I think it can be probably assumed that in a number high on the priority list IS for the max return on the Magix acquisition - they DO (likely should?) want to create incentives to divorce the costly maintenance of old licensing and just move to a NEW controlled license distribution. Just how they are going to balance that and bring-on new customers and generate more income is going to PROVE a difficult road ahead.
is sitting right on the Sony support site - how difficult would it have been for the person who posted this FAQ article - to take a "few days" to get it right the first time?
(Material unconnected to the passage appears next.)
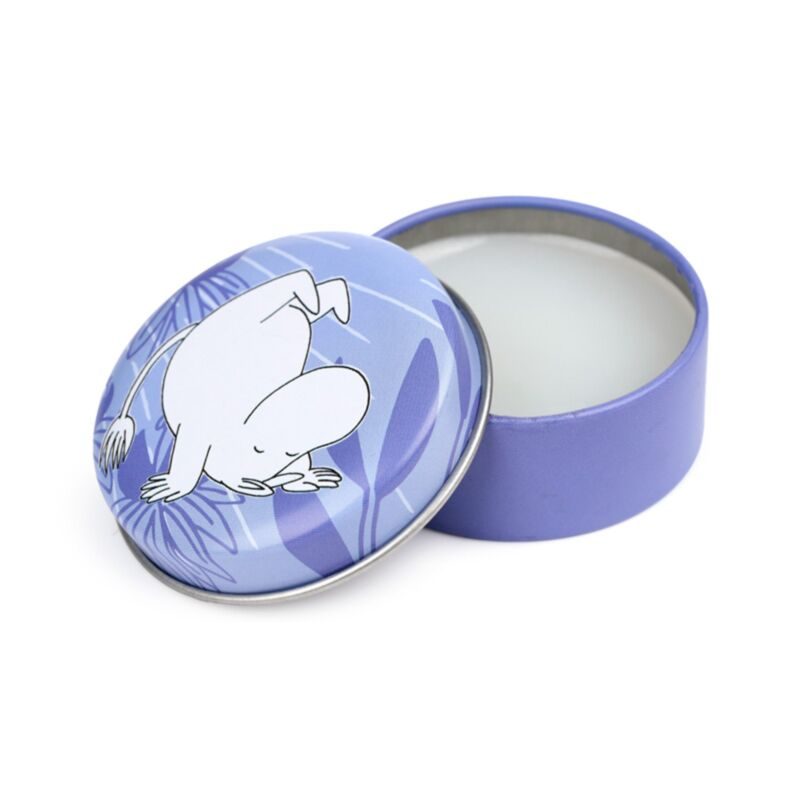 Moomin lipbalsum i boks - Bilde 9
I can only assume that Magix authorized Sony to post this stuff?
This question (which I assume is causing the runaway panic) :
"How long will it be possible to activate my older Vegas, ACID, and Sound Forge products?
Older versions will be activate-able for five years using the serial supplied when the product was purchased. "
Should never have been published in it's current state.
The answer to this question - should have had very clear and very concise wording - and named - in detail - EVERY possible SMS/Sonic Foundry app that is effected - complete with info about how long it can be used, from what date it could be activated and so on.
Everyone is talking Vegas - but I want to know about DVD/CD Architect and my iZoTope plugin bundle for Acid Pro and all sorts of obscure stuff that I bought in the last 10-12 years.
If such concise answers are not yet available - the question probably should have never appeared anywhere until such time the concise answers are available.
And now we need Eric D to settle everyone down? Why is it so difficult for Sony to do anything right?
I don't think it is reasonable to think SCS will run their activation server for software that is not theirs. It seems they, SCS, are going to be running it for 5 more years. SCS maybe cannot hand this server DNS/IP address to MAGIX since SCS is still likely using it for their software lineup. Catalyst. If the server can be transferred there are still considerations.
SCS selling the software IP is not far off from them just folding up shop and closing the doors and we are instantly SOL. If we don't upgrade to a "MAGIX" version of a product within 5 years, then why should MAGIX care about us. They never made even one penny off us. Anything MAGIX purchased and is not interested in selling just dies. Welcome to planet Earth.
I am not seeing any official stipulation that there is a cut off date for activations at 5 years out. I have changed the FAQ to reflect that previous versions of the software will still be able to be activated. When I find out more about any specific time frames I will keep the community updated.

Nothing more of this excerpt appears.